+++ DATA FOR THIS EXERCISE

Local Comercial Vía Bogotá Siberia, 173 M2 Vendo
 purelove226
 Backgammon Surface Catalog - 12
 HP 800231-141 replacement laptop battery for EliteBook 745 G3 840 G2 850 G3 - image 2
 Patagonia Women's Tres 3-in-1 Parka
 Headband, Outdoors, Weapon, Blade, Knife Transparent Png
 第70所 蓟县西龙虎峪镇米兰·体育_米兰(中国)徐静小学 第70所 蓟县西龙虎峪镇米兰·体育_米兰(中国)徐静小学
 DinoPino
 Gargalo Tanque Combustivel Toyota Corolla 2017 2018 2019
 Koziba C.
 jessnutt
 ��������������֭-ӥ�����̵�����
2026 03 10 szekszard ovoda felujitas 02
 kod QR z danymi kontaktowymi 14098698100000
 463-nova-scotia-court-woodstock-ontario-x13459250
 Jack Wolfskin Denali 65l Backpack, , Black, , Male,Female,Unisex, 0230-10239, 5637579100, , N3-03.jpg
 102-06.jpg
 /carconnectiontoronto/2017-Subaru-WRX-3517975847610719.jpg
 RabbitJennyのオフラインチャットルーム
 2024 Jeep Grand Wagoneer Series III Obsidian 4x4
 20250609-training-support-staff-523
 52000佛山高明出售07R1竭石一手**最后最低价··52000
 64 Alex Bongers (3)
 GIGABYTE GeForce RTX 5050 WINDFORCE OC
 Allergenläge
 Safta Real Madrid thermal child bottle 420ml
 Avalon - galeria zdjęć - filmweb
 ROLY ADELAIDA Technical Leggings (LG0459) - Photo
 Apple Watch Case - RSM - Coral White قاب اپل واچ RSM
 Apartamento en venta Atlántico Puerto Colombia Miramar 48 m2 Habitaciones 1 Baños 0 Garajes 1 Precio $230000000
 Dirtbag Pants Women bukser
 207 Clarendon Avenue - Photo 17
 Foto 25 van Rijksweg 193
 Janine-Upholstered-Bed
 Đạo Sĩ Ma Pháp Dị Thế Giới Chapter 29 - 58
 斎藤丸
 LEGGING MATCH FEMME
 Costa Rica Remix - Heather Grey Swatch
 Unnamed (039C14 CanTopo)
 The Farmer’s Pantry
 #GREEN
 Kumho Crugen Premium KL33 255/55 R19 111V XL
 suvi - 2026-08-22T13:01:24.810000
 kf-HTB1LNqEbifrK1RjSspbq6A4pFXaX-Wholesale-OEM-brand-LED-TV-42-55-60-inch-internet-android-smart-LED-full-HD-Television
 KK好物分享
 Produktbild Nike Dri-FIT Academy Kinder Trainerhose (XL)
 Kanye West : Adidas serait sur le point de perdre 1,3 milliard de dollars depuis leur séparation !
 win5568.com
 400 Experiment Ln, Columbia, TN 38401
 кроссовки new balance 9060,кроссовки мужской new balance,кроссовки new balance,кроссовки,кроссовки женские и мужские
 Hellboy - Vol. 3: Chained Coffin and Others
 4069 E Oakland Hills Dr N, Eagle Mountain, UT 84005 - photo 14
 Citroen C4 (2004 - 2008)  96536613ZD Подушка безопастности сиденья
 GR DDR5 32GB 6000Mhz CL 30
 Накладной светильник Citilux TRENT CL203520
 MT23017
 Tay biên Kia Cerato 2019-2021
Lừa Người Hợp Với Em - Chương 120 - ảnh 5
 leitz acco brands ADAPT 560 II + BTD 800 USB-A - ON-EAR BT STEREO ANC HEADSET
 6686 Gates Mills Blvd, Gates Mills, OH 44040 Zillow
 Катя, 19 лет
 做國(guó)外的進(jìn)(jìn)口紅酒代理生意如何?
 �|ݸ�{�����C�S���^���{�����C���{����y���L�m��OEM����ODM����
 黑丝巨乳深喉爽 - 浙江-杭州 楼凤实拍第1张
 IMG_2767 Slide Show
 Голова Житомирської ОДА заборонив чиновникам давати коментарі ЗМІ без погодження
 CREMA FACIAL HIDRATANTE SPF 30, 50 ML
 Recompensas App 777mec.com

++++++

TASK DIRECTIONS: Looking at the entries above, can you reproduce exactly the lines from the one that holds "Allergenläge" through the one that holds "400 Experiment Ln, Columbia, TN 38401", and only those?

RESPONSE:
 Allergenläge
 Safta Real Madrid thermal child bottle 420ml
 Avalon - galeria zdjęć - filmweb
 ROLY ADELAIDA Technical Leggings (LG0459) - Photo
 Apple Watch Case - RSM - Coral White قاب اپل واچ RSM
 Apartamento en venta Atlántico Puerto Colombia Miramar 48 m2 Habitaciones 1 Baños 0 Garajes 1 Precio $230000000
 Dirtbag Pants Women bukser
 207 Clarendon Avenue - Photo 17
 Foto 25 van Rijksweg 193
 Janine-Upholstered-Bed
 Đạo Sĩ Ma Pháp Dị Thế Giới Chapter 29 - 58
 斎藤丸
 LEGGING MATCH FEMME
 Costa Rica Remix - Heather Grey Swatch
 Unnamed (039C14 CanTopo)
 The Farmer’s Pantry
 #GREEN
 Kumho Crugen Premium KL33 255/55 R19 111V XL
 suvi - 2026-08-22T13:01:24.810000
 kf-HTB1LNqEbifrK1RjSspbq6A4pFXaX-Wholesale-OEM-brand-LED-TV-42-55-60-inch-internet-android-smart-LED-full-HD-Television
 KK好物分享
 Produktbild Nike Dri-FIT Academy Kinder Trainerhose (XL)
 Kanye West : Adidas serait sur le point de perdre 1,3 milliard de dollars depuis leur séparation !
 win5568.com
 400 Experiment Ln, Columbia, TN 38401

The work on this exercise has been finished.